Starbucks is reportedly hoping to phase out its disposable cups by 2025 and create scenarios that make reusable options more intriguing to customers.
“Our cup is ubiquitous, and we love that,” said Michael Kobori, Starbucks chief sustainability officer, per CNN. “But it is also this ubiquitous symbol of a throwaway society.”
The best fix is “[e]liminating the disposable cup,” Kobori said, calling that option “the holy grail.”
The company wants customers to be able to choose between using their own personal mug in a convenient way or borrowing a reusable cup from their cafe.
“The goals don’t mean Starbucks will get rid of the paper and plastic cups. But they do want to make that option less attractive. That won’t be easy to do, as most Starbucks customers are used to that simple, single-use option. But the company has a plan,” CNN added.
Starbucks is thinking about initiating a broad borrow-a-cup initiative. Customers would pay a deposit for a cup that they can take when they leave the store, and then give back after they use it.
Amelia Landers, a vice president of product experience, said this option will be more attractive to customers than other strategies.
“I think that will take the lead,” she said. “We are testing a number of different [borrow-a-cup] programs around the globe,” including “20 different iterations and in eight different markets.”
The company tried out a version of the initiative last year in Seattle.
“We developed a new cup that had a very low environmental footprint, was lightweight polypropylene, ultimately recyclable and could replace 100 single-use disposable cups,” Landers explained.
In the test, consumers paid a deposit of $1 and had to give the cup back to a smart bin in the cafe to get their deposit returned to them. They also received rewards for using the reusable cup.
The company is also rolling out similar first-step programs in the United Kingdom, Japan, and Singapore.
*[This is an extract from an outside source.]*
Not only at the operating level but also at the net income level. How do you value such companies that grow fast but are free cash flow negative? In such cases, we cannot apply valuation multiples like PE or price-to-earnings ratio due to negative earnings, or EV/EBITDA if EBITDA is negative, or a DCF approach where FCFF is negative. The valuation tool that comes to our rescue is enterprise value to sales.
Another strategy the company is looking to implement is pushing people to bring their own reusable cups.
“We’re testing an incentive on the personal cup to go up from where it is today — from 10 cents to 50 cents,” Landers said. “We are also going to be testing a disposable cup fee.”
“She added that the chain is also experimenting with discounted prices for people who use a Starbucks-provided ceramic mug in stores,” per CNN.
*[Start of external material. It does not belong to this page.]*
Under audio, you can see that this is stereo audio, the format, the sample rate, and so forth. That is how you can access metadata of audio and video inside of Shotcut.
The drive-thru scenario, however, might pose complications with this specific option. The company has been trying out different scenarios at its innovation facility.
“We’ve got mock stores set up,” said Landers. “We have different versions of the drive-thru layout.”
As CNN reported, a possible solution to the drive-thru dilemma might be for “customers to drop off their cups at an earlier point in the drive-thru lane so that the drink is ready in a personal cup once they swing around to the window,” Landers reportedly said. Baristas might also be able to make the drinks ahead of time when the orders are made, and transfer them to personal containers once the person picks up their drink.
In order to successfully transition to incentivizing customers to use their own drink containers, the company will likely need to make the drive-thru and order ahead option incredibly convenient.
Starbucks CFO Rachel Ruggeri reportedly said that drive-thru and mobile orders combined make up about 70% of sales at American stores that the company operates.